Source data:
+++

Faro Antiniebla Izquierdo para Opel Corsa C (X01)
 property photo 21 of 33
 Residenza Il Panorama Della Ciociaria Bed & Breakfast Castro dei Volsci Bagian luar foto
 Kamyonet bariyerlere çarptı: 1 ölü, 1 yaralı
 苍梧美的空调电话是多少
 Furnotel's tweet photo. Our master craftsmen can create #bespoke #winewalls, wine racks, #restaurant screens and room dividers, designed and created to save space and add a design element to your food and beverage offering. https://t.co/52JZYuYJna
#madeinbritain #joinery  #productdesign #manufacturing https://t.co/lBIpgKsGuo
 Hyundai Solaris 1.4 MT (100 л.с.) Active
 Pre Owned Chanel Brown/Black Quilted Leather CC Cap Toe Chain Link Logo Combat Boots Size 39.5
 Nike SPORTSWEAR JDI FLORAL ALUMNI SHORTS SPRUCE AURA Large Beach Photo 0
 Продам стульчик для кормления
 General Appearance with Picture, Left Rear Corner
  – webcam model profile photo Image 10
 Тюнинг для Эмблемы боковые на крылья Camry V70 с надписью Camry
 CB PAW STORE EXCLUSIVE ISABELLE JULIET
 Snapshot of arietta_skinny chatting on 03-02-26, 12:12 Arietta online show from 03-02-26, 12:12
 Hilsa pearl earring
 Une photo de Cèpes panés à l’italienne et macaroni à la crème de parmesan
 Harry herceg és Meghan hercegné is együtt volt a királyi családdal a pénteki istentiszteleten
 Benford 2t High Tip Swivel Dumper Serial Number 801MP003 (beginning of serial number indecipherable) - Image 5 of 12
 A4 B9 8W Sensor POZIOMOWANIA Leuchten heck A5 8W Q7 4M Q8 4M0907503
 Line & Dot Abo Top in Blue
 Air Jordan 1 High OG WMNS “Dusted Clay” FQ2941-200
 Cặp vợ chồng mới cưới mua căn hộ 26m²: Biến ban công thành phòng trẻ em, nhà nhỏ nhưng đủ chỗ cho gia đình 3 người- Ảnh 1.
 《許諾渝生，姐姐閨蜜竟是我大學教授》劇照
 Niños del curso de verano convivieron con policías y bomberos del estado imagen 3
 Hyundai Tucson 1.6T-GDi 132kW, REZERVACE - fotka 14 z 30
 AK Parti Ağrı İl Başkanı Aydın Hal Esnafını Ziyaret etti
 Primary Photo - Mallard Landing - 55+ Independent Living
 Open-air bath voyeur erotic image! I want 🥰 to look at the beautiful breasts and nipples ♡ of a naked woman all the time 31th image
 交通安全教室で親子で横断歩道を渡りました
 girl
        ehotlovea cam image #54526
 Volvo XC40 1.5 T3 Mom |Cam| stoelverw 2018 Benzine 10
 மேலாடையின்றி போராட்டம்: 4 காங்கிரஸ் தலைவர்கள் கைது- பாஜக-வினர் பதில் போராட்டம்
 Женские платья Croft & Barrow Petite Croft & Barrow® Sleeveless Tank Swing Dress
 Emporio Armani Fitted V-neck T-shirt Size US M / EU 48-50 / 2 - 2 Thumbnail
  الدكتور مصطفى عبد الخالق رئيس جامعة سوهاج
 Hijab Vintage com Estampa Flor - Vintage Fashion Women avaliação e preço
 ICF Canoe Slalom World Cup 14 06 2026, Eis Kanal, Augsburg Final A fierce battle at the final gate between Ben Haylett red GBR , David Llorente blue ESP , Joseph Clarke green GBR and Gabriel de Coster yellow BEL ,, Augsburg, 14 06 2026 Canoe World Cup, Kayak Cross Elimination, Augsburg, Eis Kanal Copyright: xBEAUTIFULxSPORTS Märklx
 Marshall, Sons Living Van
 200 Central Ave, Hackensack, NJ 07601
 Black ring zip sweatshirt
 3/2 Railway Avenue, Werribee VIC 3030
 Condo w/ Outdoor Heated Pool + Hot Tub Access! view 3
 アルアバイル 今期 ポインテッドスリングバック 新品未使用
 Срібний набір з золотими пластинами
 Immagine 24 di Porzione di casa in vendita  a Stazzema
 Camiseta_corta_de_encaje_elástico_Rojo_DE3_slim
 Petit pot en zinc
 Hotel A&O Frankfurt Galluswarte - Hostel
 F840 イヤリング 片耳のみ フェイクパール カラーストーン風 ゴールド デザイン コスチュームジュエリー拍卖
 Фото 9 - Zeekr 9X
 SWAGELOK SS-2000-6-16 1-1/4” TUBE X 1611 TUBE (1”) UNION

+++

→ Instructions for the task
Every line of the entries above that contains the word "Living" must be tallied, and the number alone reported.

→ Response to the task
2